"""

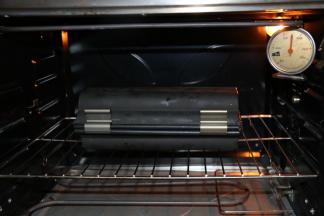 放入上下管预热180的烤箱，中下层烘烤30分钟！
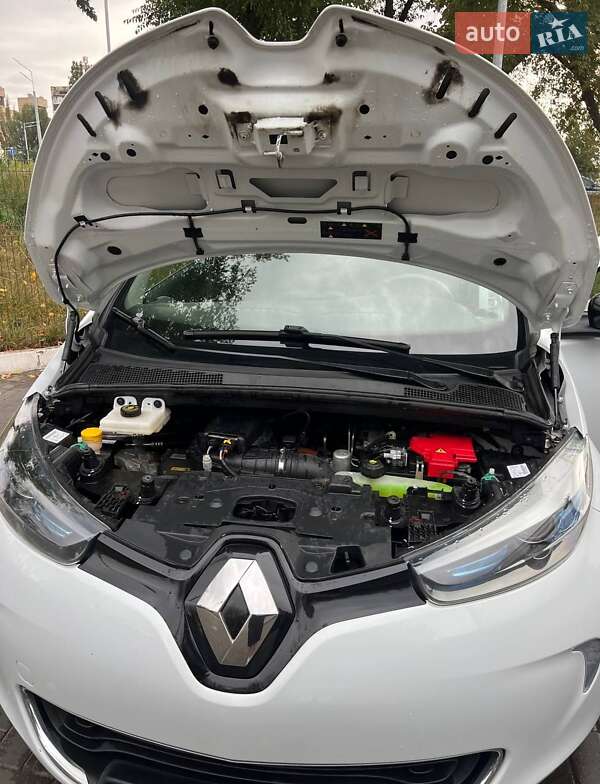 Хэтчбек Renault Zoe 2018 в Киеве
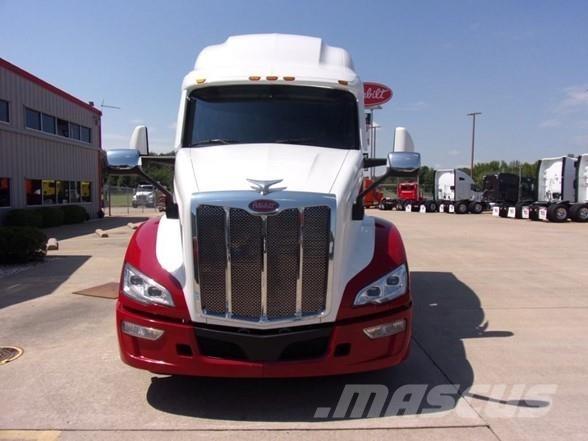 Peterbilt 579 Autotractoare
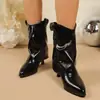 Botines de moda estilo francés con punta fina y tacón grueso, nuevo diseño otoño e invierno 2026, botas vintage de media pantorrilla con tachuelas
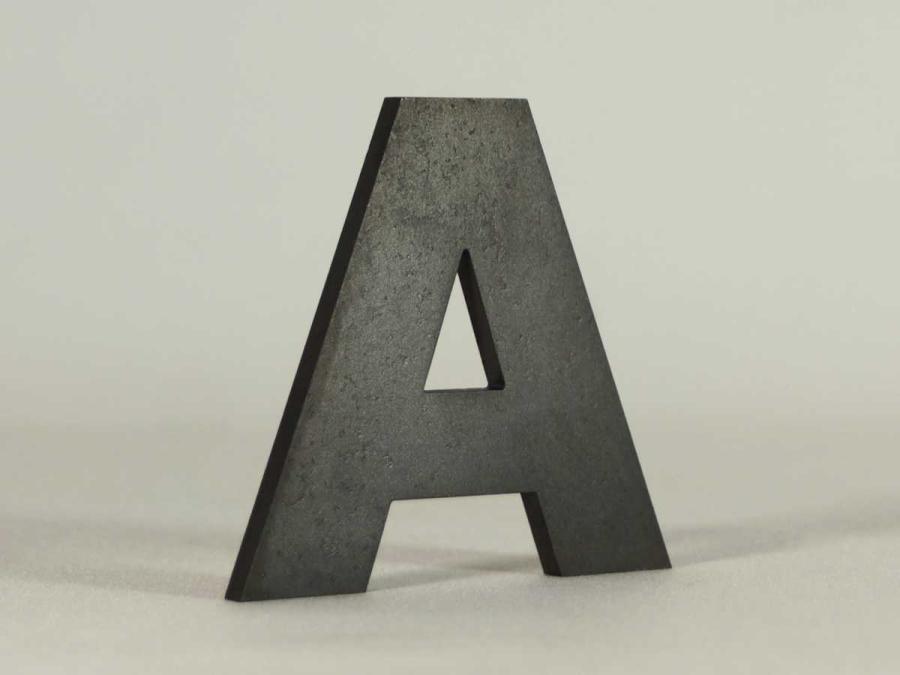 Musterbuchstabe aus Schwarzstahl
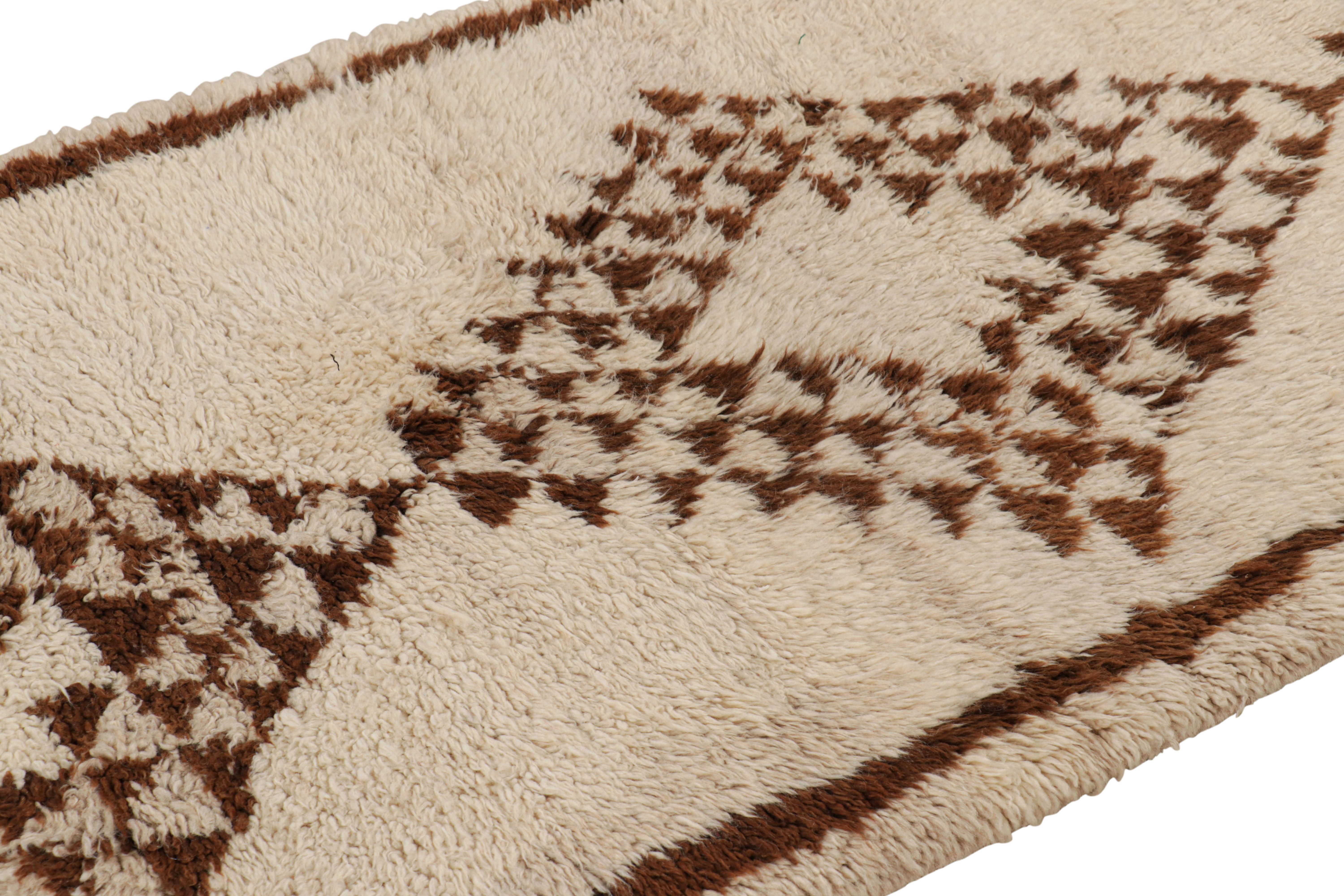 Annodato a mano in lana e proveniente dal Marocco intorno al 1950-1960, questo tappeto marocchino vintage 3x5 è un pezzo estremamente raro come pochi della sua provenienza. 

Sul design: 

Gli ammiratori dell'artigianato noteranno come questo pezzo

"""

**Task objective:** Repeat the records in full, exactly as they appear, but with the pictures removed.

**Task solution:**
 放入上下管预热180的烤箱，中下层烘烤30分钟！
 Хэтчбек Renault Zoe 2018 в Киеве
 Peterbilt 579 Autotractoare
 Botines de moda estilo francés con punta fina y tacón grueso, nuevo diseño otoño e invierno 2026, botas vintage de media pantorrilla con tachuelas
 Musterbuchstabe aus Schwarzstahl
 Annodato a mano in lana e proveniente dal Marocco intorno al 1950-1960, questo tappeto marocchino vintage 3x5 è un pezzo estremamente raro come pochi della sua provenienza. 

Sul design: 

Gli ammiratori dell'artigianato noteranno come questo pezzo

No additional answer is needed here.